VIENNA. The Neos, who were among the election winners alongside the Freedom Party on Sunday with 9.2 percent (plus 1.1), nominated their team to the board for exploratory talks yesterday. Chairwoman Beate Meinl-Reisinger doesn’t want to reveal the names until Thursday evening, when the extended board has approved the proposal, which poses “no big surprise.”
In addition to Meinl-Reisinger, general secretary Douglas Hoyos, club vice-president Nikolaus Scherak and Vienna’s deputy mayor Christoph Wiederkehr are likely to be seated. MP Sepp Schellhorn was also often mentioned.
Meinl-Reisinger did not want to go into further detail on the question of whether Alexander Van der Bellen should give FP boss Herbert Kickl the task of forming a government (“I am not in a position to tell the Federal President anything”). For her, the election of a blue National Council President is “not decidedly ruled out”. The FPÖ should present a person who will then be subjected to a hearing.
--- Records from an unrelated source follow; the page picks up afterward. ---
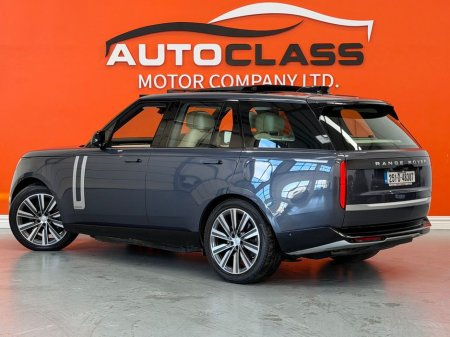 2025 Land Rover Range Rover - thumbnail 9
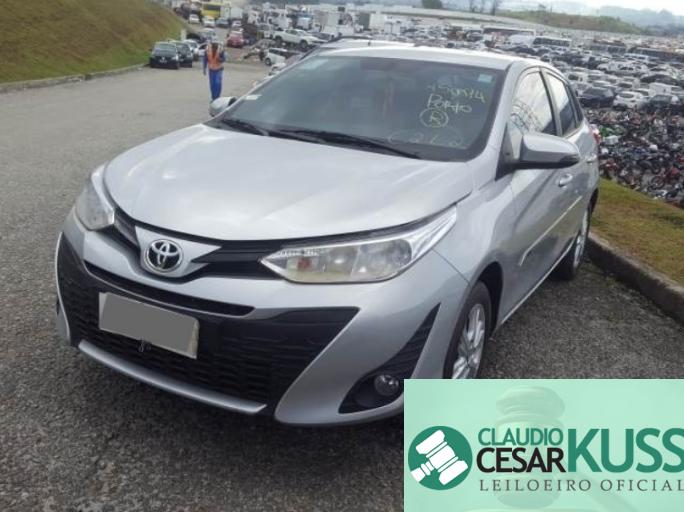 TOYOTA YARIS 19/19
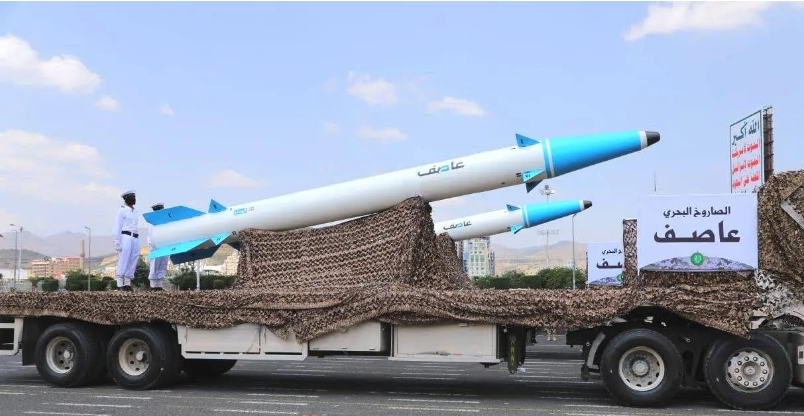 胡塞武装使用反舰导弹攻击了英国"红宝石"号,美国 "海上冠军"号和"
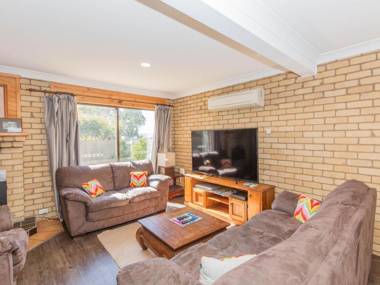 Fingal Snow Vinces Place 108 Gippsland Street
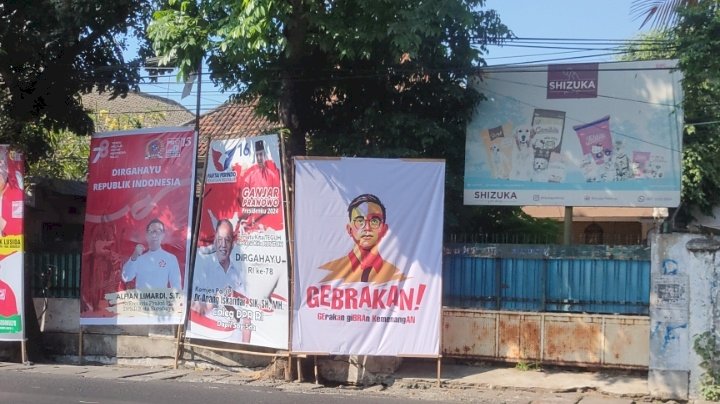 Salah satu baliho Gibran di Surabaya 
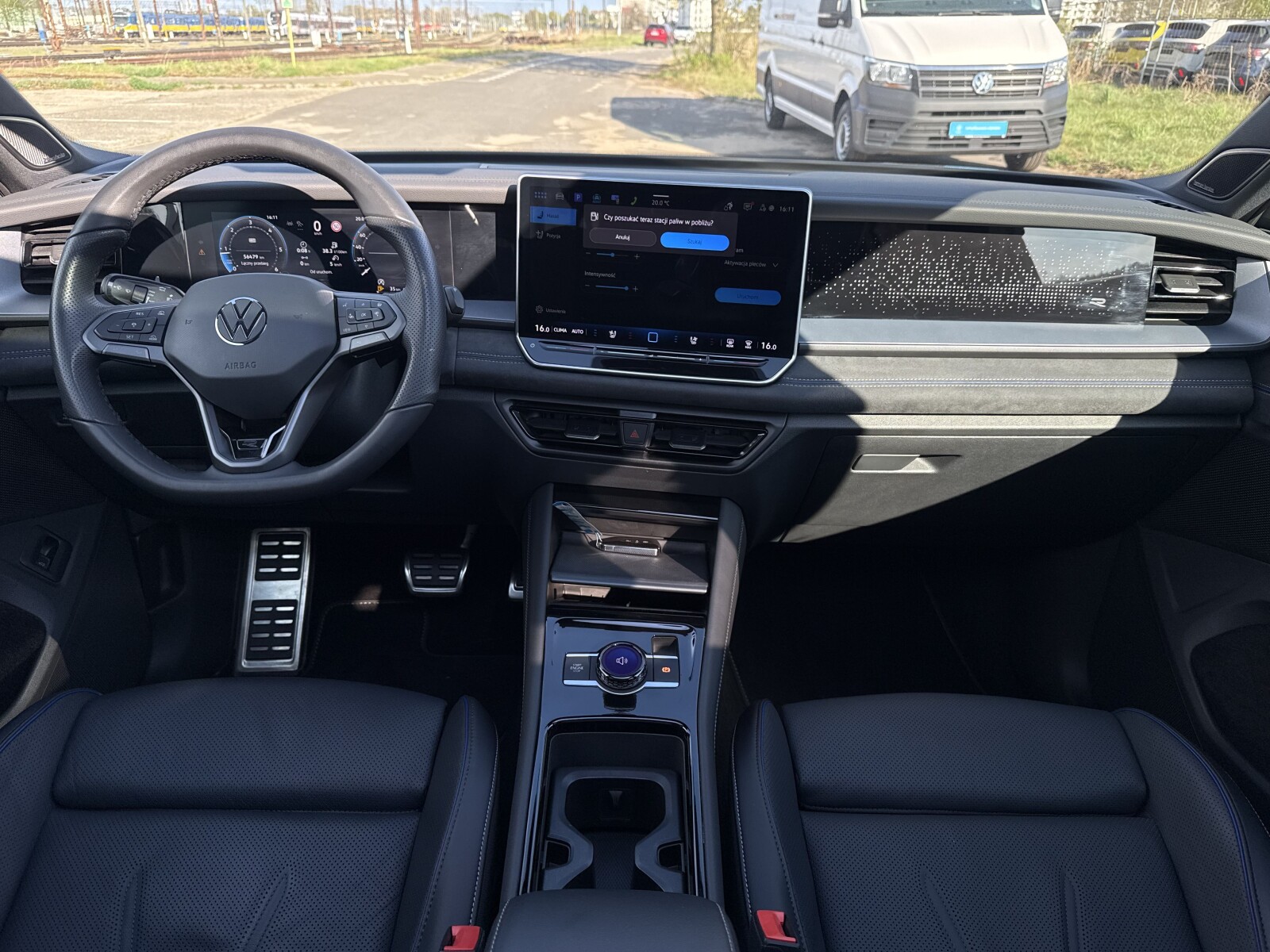 Volkswagen Tayron - zdjęcie 9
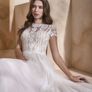 Brand New Wedding dress, Size 8, MODECA Image 5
She must be “impeccable”, act “non-partisan” and have experience in parliamentarism. For the Neos, the fact that the number one candidate in the election is the President of the National Council is “not automatic”.
As in the election campaign, Meinl-Reisinger emphasized that she “doesn’t want a blue-black coalition.” The Neos are ready to work on an alternative with reforms. Also because it often involves constitutional changes, she invited all party leaders, including those from the Greens and FPÖ, to “broad parliamentary cooperation” in emails.
With reform program
They want to be part of the next government, but only if it can agree on a reform program. It’s about “structural answers” in the areas of inflation, self-determined living, the economy and migration. The election results encouraged the Neos to “negotiate such reforms”. Meinl-Reisinger didn’t want to talk about preferred ministries. As a message to SP leader Andreas Babler, she stated: “The advocacy for wealth taxes was not strengthened on Sunday.”